Your output must match the records exactly, line for line.

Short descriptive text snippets
[Start of Attachment]
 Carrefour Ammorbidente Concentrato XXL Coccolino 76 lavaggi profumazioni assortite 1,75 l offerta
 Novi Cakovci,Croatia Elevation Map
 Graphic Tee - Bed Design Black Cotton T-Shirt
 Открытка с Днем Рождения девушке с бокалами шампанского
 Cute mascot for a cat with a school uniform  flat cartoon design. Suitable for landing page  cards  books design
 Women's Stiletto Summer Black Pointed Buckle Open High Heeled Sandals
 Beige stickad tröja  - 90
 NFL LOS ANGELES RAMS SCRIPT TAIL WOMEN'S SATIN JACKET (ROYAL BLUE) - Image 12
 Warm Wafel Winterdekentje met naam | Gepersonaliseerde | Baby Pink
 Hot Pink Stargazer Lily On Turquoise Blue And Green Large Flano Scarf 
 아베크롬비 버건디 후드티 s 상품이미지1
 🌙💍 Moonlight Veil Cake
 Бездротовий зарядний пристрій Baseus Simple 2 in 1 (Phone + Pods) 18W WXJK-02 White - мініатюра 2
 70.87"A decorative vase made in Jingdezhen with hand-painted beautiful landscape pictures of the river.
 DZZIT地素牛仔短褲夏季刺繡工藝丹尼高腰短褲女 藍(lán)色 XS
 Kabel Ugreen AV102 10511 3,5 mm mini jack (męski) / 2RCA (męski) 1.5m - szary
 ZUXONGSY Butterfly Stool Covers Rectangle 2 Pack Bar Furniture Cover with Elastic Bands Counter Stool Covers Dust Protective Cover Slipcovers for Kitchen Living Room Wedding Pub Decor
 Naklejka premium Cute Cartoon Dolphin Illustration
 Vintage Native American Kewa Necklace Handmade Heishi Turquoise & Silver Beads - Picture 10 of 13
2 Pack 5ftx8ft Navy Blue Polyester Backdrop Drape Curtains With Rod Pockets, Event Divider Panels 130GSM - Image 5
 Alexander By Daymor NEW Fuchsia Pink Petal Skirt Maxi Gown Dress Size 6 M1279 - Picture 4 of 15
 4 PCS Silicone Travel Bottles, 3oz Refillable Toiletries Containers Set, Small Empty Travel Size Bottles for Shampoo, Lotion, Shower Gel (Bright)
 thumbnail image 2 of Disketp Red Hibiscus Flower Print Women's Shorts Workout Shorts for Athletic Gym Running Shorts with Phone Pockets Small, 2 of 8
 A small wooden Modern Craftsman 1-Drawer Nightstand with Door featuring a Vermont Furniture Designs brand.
[End of Attachment]
ANSWER FOR THE TASK
 Carrefour Ammorbidente Concentrato XXL Coccolino 76 lavaggi profumazioni assortite 1,75 l offerta
 Novi Cakovci,Croatia Elevation Map
 Graphic Tee - Bed Design Black Cotton T-Shirt
 Открытка с Днем Рождения девушке с бокалами шампанского
 Cute mascot for a cat with a school uniform  flat cartoon design. Suitable for landing page  cards  books design
 Women's Stiletto Summer Black Pointed Buckle Open High Heeled Sandals
 Beige stickad tröja  - 90
 NFL LOS ANGELES RAMS SCRIPT TAIL WOMEN'S SATIN JACKET (ROYAL BLUE) - Image 12
 Warm Wafel Winterdekentje met naam | Gepersonaliseerde | Baby Pink
 Hot Pink Stargazer Lily On Turquoise Blue And Green Large Flano Scarf 
 아베크롬비 버건디 후드티 s 상품이미지1
 🌙💍 Moonlight Veil Cake
 Бездротовий зарядний пристрій Baseus Simple 2 in 1 (Phone + Pods) 18W WXJK-02 White - мініатюра 2
 70.87"A decorative vase made in Jingdezhen with hand-painted beautiful landscape pictures of the river.
 DZZIT地素牛仔短褲夏季刺繡工藝丹尼高腰短褲女 藍(lán)色 XS
 Kabel Ugreen AV102 10511 3,5 mm mini jack (męski) / 2RCA (męski) 1.5m - szary
 ZUXONGSY Butterfly Stool Covers Rectangle 2 Pack Bar Furniture Cover with Elastic Bands Counter Stool Covers Dust Protective Cover Slipcovers for Kitchen Living Room Wedding Pub Decor
 Naklejka premium Cute Cartoon Dolphin Illustration
 Vintage Native American Kewa Necklace Handmade Heishi Turquoise & Silver Beads - Picture 10 of 13
2 Pack 5ftx8ft Navy Blue Polyester Backdrop Drape Curtains With Rod Pockets, Event Divider Panels 130GSM - Image 5
 Alexander By Daymor NEW Fuchsia Pink Petal Skirt Maxi Gown Dress Size 6 M1279 - Picture 4 of 15
 4 PCS Silicone Travel Bottles, 3oz Refillable Toiletries Containers Set, Small Empty Travel Size Bottles for Shampoo, Lotion, Shower Gel (Bright)
 thumbnail image 2 of Disketp Red Hibiscus Flower Print Women's Shorts Workout Shorts for Athletic Gym Running Shorts with Phone Pockets Small, 2 of 8
 A small wooden Modern Craftsman 1-Drawer Nightstand with Door featuring a Vermont Furniture Designs brand.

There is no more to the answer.